Todo mundo desesperado pela chuva que não vinha. Não havia nem
mais jeito de arar aquela terra seca e vermelha, que formava redemoinhos ao
menor vento. Araram na horizontal, na
vertical... Só faltava fazê-lo em diagonal. E a chuva não vinha. O calor era
intenso e a bola de fogo no céu, indiferente ao sofrimento do japonês, cuja
conta no Banco estava só comendo juros... E ele sempre alegre dizia: "Amanhã ela vem!"
Numa noite em outubro de repente, desceu um temporal como nunca havíamos visto. Eram trovões ribombando e estremecendo a terra, relâmpagos que iluminavam a casa inteira por segundos... E eu assustada acordei com o choro do Tomo san gritando: "Mulher, crianças, acordem! Está chovendo! Deus se lembrou de nós! Vamos agradecer!"

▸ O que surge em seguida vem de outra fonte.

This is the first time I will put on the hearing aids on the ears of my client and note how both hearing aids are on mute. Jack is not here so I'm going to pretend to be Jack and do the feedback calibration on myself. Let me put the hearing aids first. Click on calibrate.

Eu me levantei e fui até a sala. E o que vi lá no cantinho do chão batido me estremeceu o coração. A família toda ajoelhada no chão batido chorando e agradecendo a Deus... Em altos brados: "Obrigado, Deus! O Senhor se lembrou de nós! Muito obrigado!"

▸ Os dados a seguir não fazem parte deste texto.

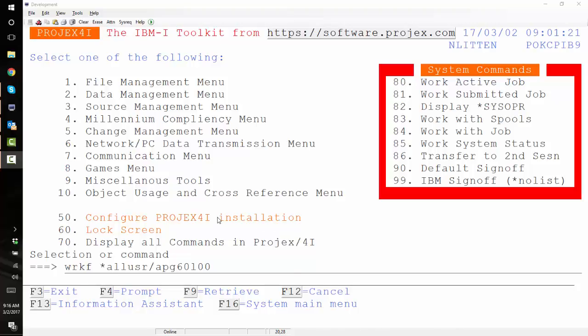Okie dokie. So I've had a request to delete this file, apg60l00.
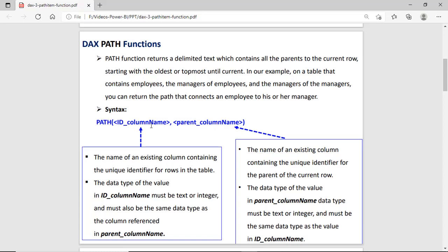For the first parameter, all values must be unique, whether numeric or text. The data type of this column must be the same as the parent column. For the second parameter, values can be repeated, but make sure those values exist in the first parameter column. The data type of the parent column must match the ID column.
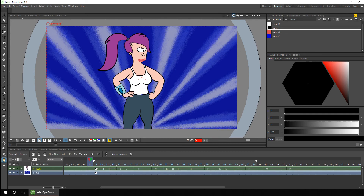So that's it for today - there are my tips for scrubbing through your animation. Why not give them a go and see if you can find a new one that'll help you. I'll see you next time with more tips.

Chorei ao ver a cena, que os relâmpagos iluminavam como se alguém estivesse fotografando uma coisa do céu...
No outro dia não teve aula.
Toda a molecada estava na roça tampando com os pés as covas, onde os pais depositavam as sementes de algodão com as máquinas manuais de lata...

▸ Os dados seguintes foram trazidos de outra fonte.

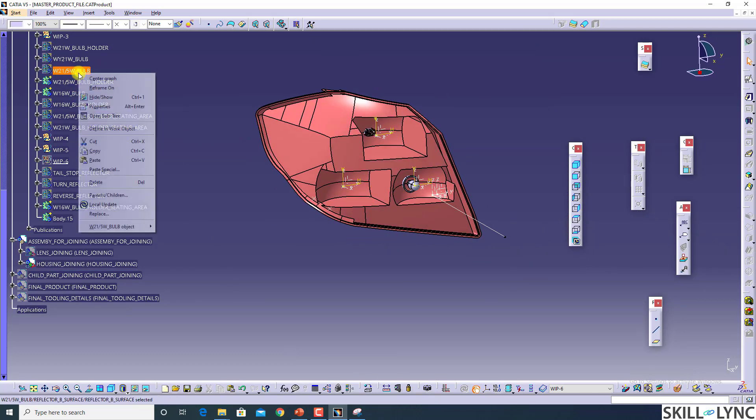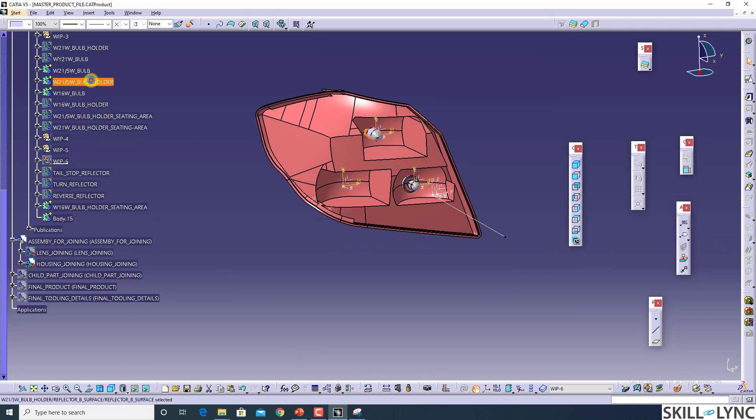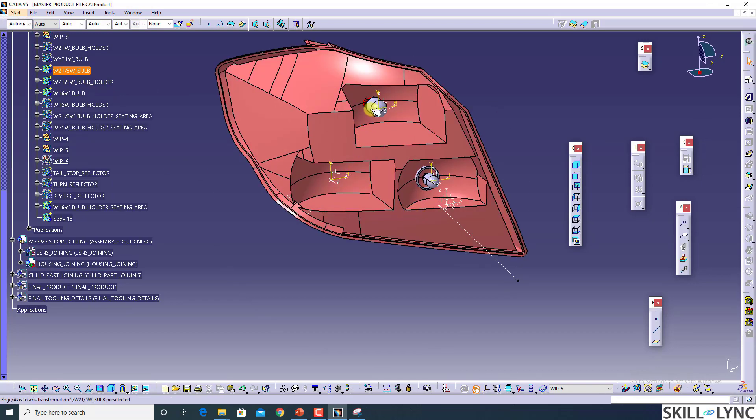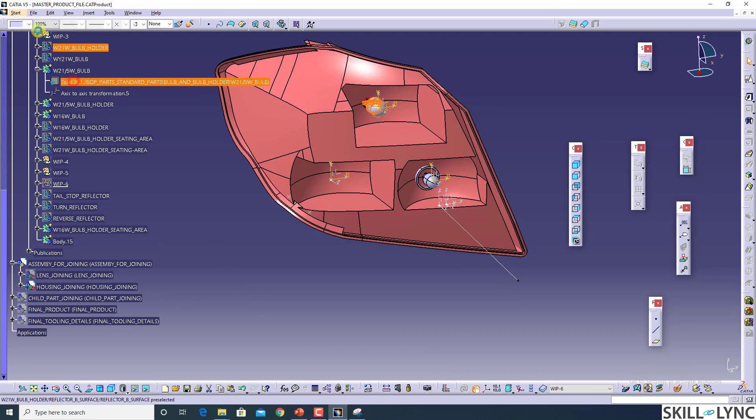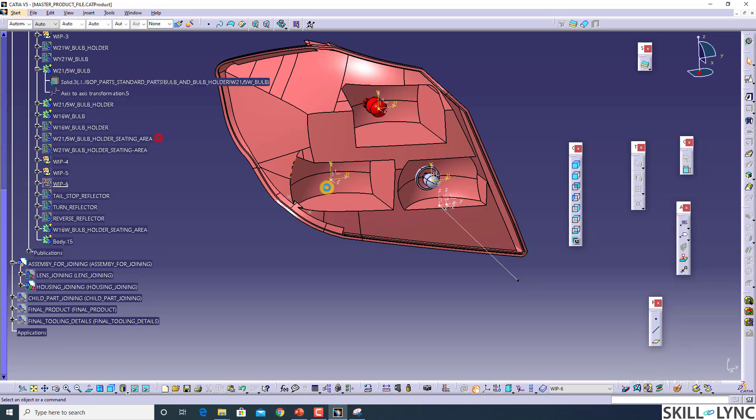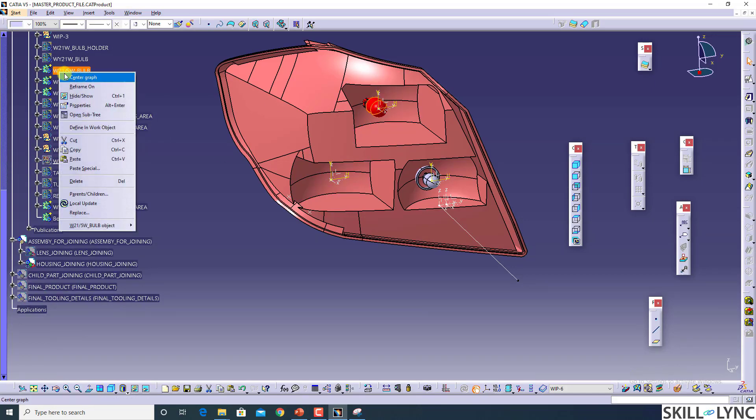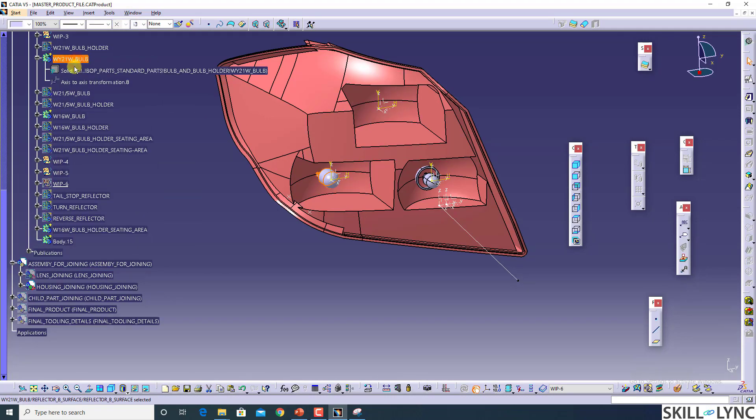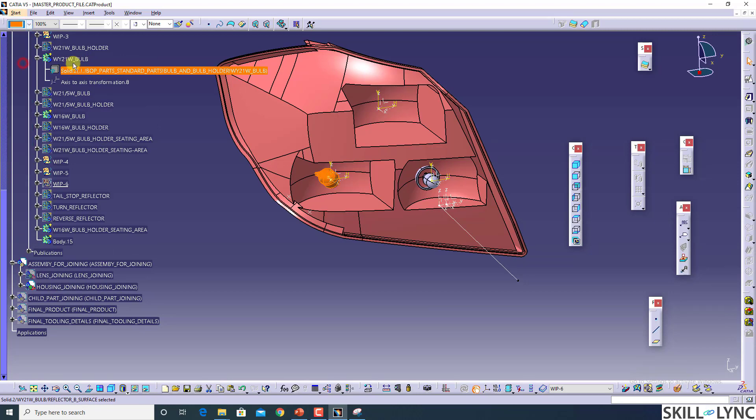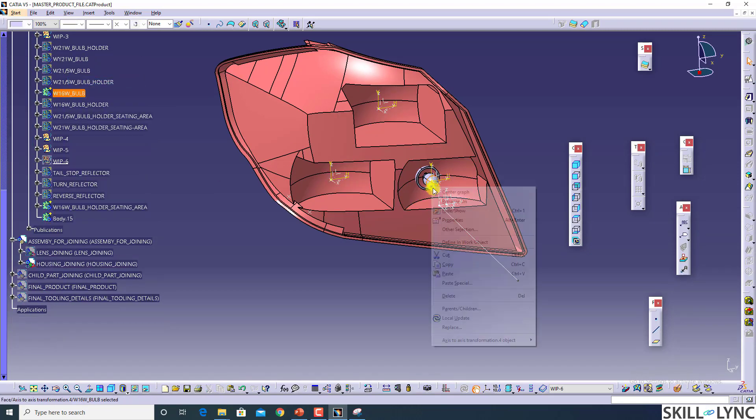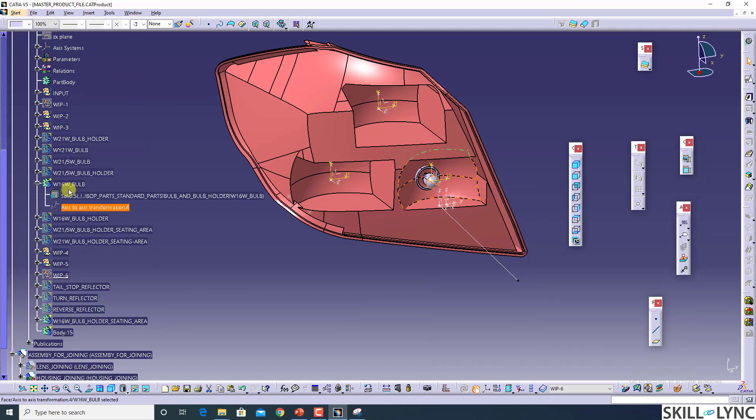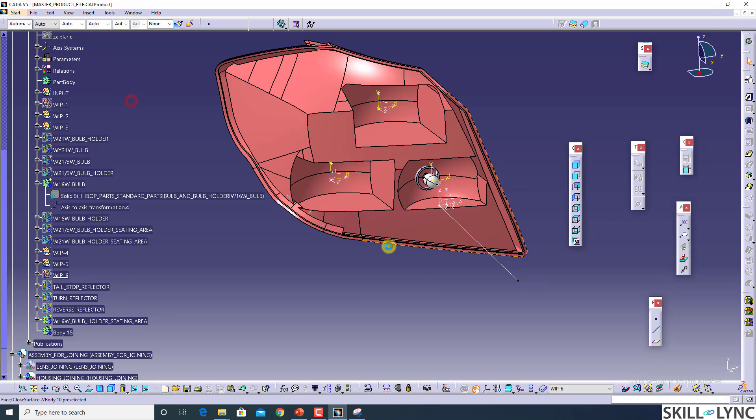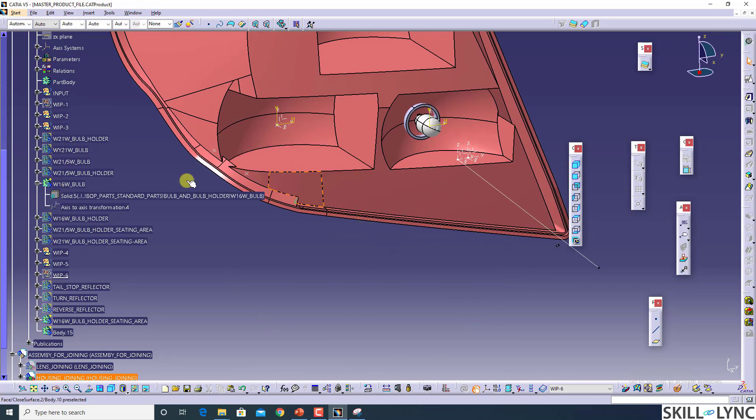For better understanding, I am just changing the color of the bulbs so it will give you a clear indication. This is tail/stop, this will be amber, so this is turn, and this will be white.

O fim do ano chegou e eu vim embora. mas soube depois, que a colheita tinha sido excelente.
(Já contei esta história várias vezes, mas nunca me canso de recontá-la)
Mirandópolis, maio de 2019.
kimie oku in
htp://cronicasdekimie.blogspot.com.br/
Numa noite em outubro de repente, desceu um temporal como nunca havíamos visto. Eram trovões ribombando e estremecendo a terra, relâmpagos que iluminavam a casa inteira por segundos... E eu assustada acordei com o choro do Tomo san gritando: "Mulher, crianças, acordem! Está chovendo! Deus se lembrou de nós! Vamos agradecer!"
Eu me levantei e fui até a sala. E o que vi lá no cantinho do chão batido me estremeceu o coração. A família toda ajoelhada no chão batido chorando e agradecendo a Deus... Em altos brados: "Obrigado, Deus! O Senhor se lembrou de nós! Muito obrigado!"
Chorei ao ver a cena, que os relâmpagos iluminavam como se alguém estivesse fotografando uma coisa do céu...
No outro dia não teve aula.
Toda a molecada estava na roça tampando com os pés as covas, onde os pais depositavam as sementes de algodão com as máquinas manuais de lata...
O fim do ano chegou e eu vim embora. mas soube depois, que a colheita tinha sido excelente.
(Já contei esta história várias vezes, mas nunca me canso de recontá-la)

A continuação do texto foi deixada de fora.